Having an effective Cyber Security Mechanism at place can help in prevention of majority of Cyber Espionage issues, but there is no full proof method of preventing Cyber Espionage. With adequate resources and time, a Cracker can penetrate and exploit the intended target.

The Cyber Security Policy of India must be urgently formulated that must incorporate provisions regarding Cyber Warfare, Cyber Terrorism, Critical Infrastructure Protection, Cyber Espionage, etc. In the ultimate analysis, enhancing Cyber Security of India is the ultimate solution.

Cyber Security In India

Cyber security in India has been increasingly seen as prerequisite to protect Indian cyberspace. However, it never remained a priority for Indian government and it always received an indifferent treatment.

Cyber security issues in India cannot be ignored in India any more. Even the Indian government has realised this bitter truth. However, this realisation has still not made much difference towards India’s approach to secure its cyberspace in general and critical infrastructure protection in particular.

The scenario has become more complicated when state actors have also joined the cyber attack scenario.

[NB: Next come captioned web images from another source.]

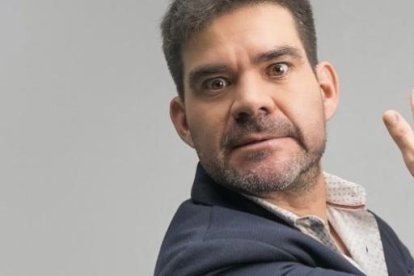 Al locutor le gusta hacer teatro y andar en moto.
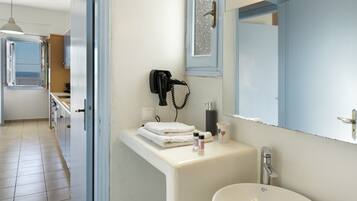 Douche, sĂšche-cheveux, serviettes fournies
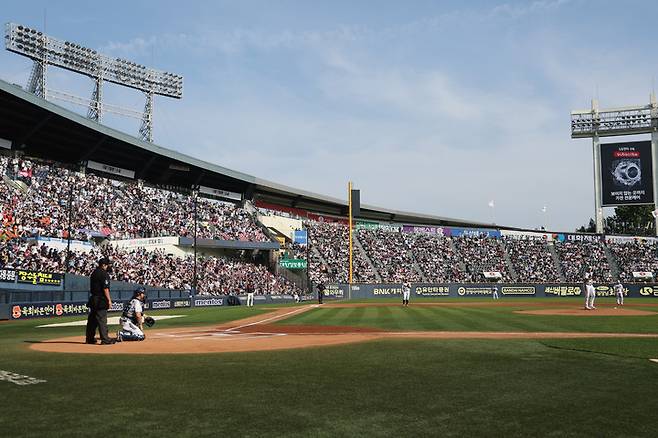현충일인 6일 롯데 자이언츠와 두산 베어스의 경기가 열린&nbsp;서울 잠실야구장이 관중들로 가득 찬 모습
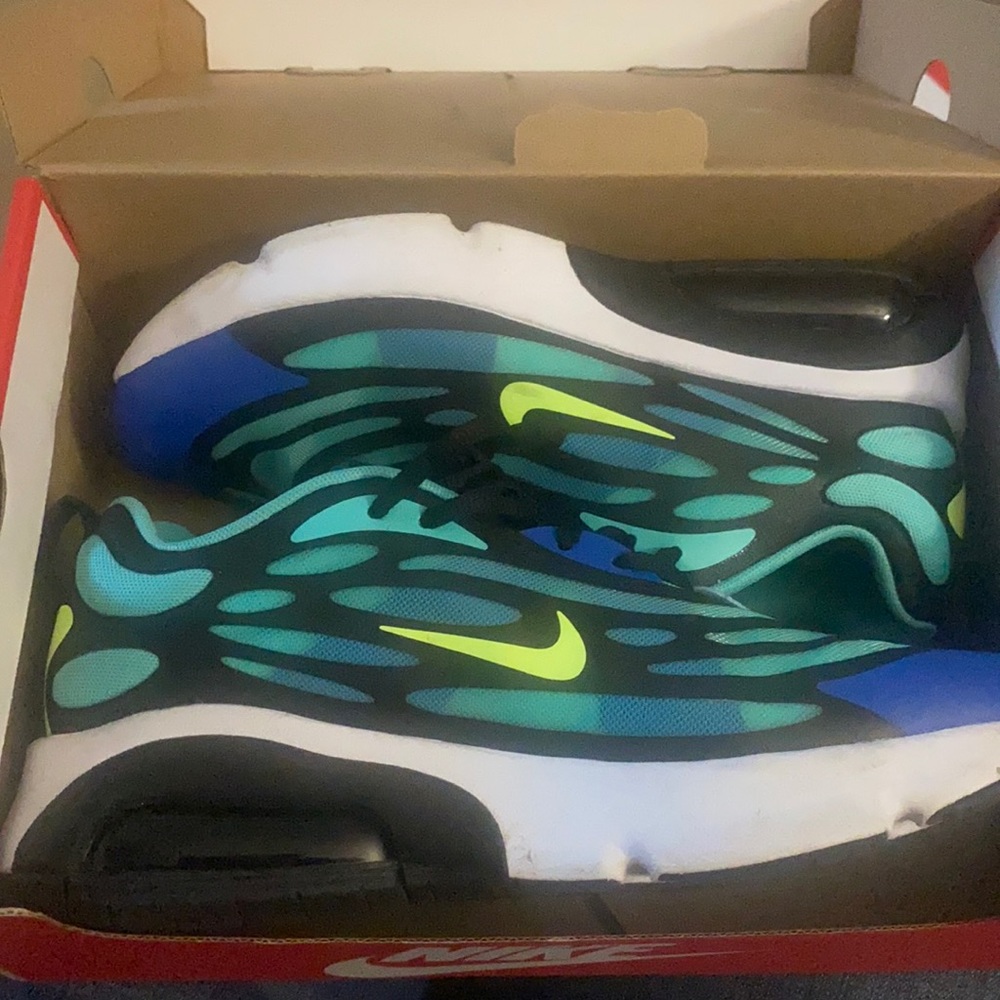 Nike Air Max Exosense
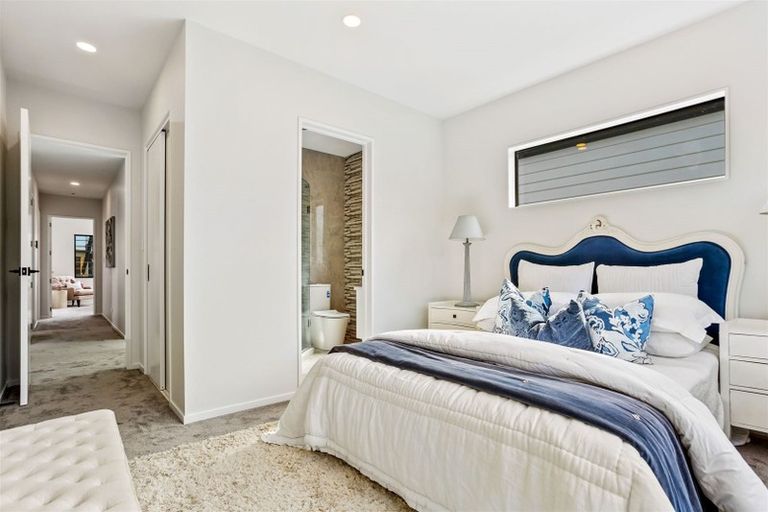 Photo of property in 22 Coast Garden Drive, Hobsonville, Auckland, 0616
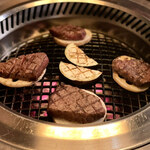 京松蘭 - 野菜の上でお肉を焼く！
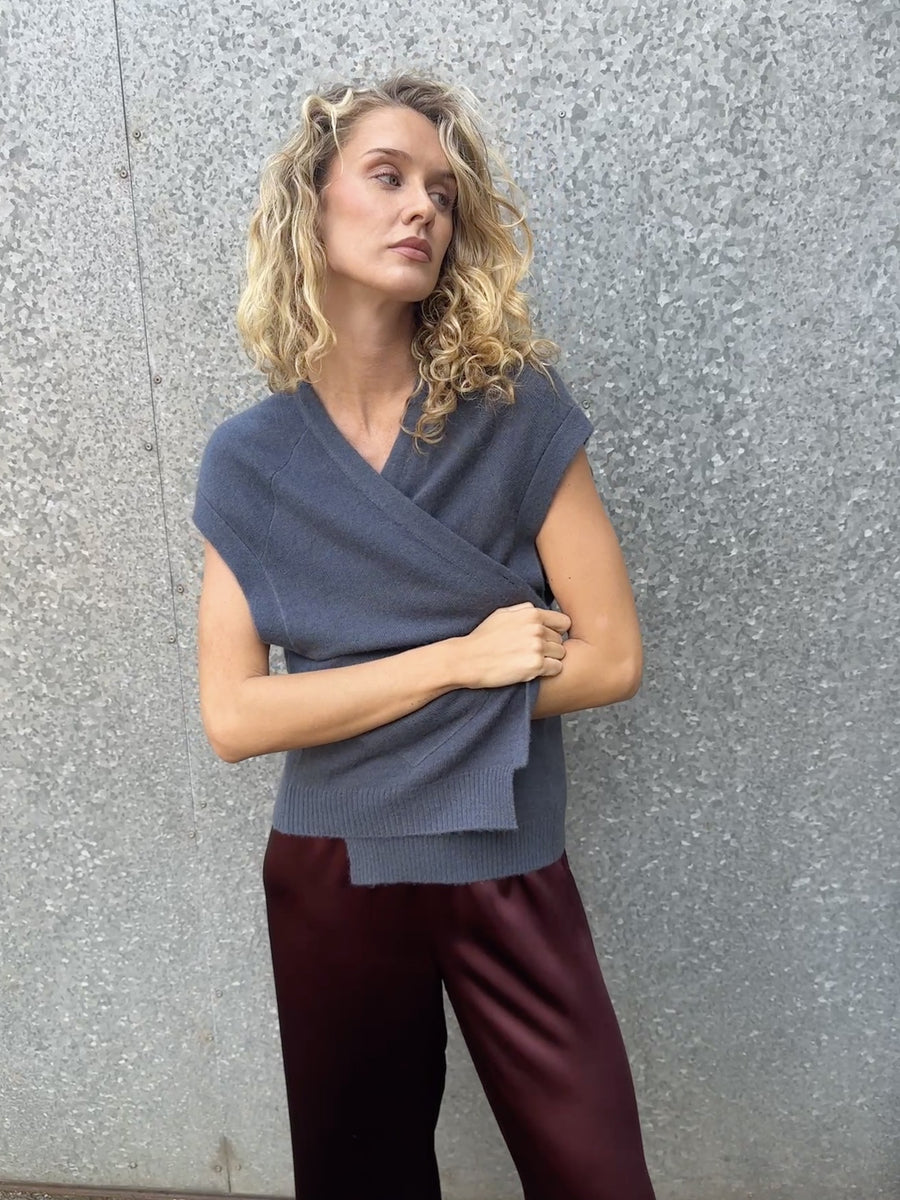 SIAN JACOBS DAISY IN INDIGO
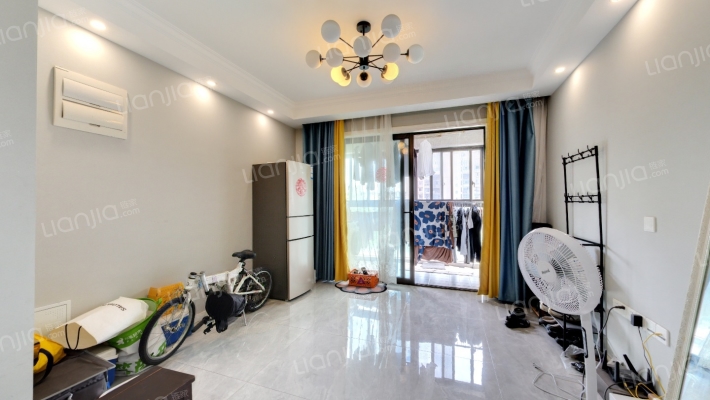 蔚蓝四季二手房实景图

In many cases cyber attacks are launched by state sponsored attackers. Such cyber attacks are more stealth and deadly in nature. At times such attacks also remain undetected for years.

The traditional methodology of securing computers by installing anti virus, firewalls and anti malware tools are also ineffective in such a situation. Although ensuring cyber security in absolute terms is next to impossible yet with patience and adequate cyber security skills development, India can develop cyber security capabilities.

There are many missing links that are hindering in the development of cyber security capabilities in India. Not only India must formulate suitable cyber security policy but India must also actually implement the same.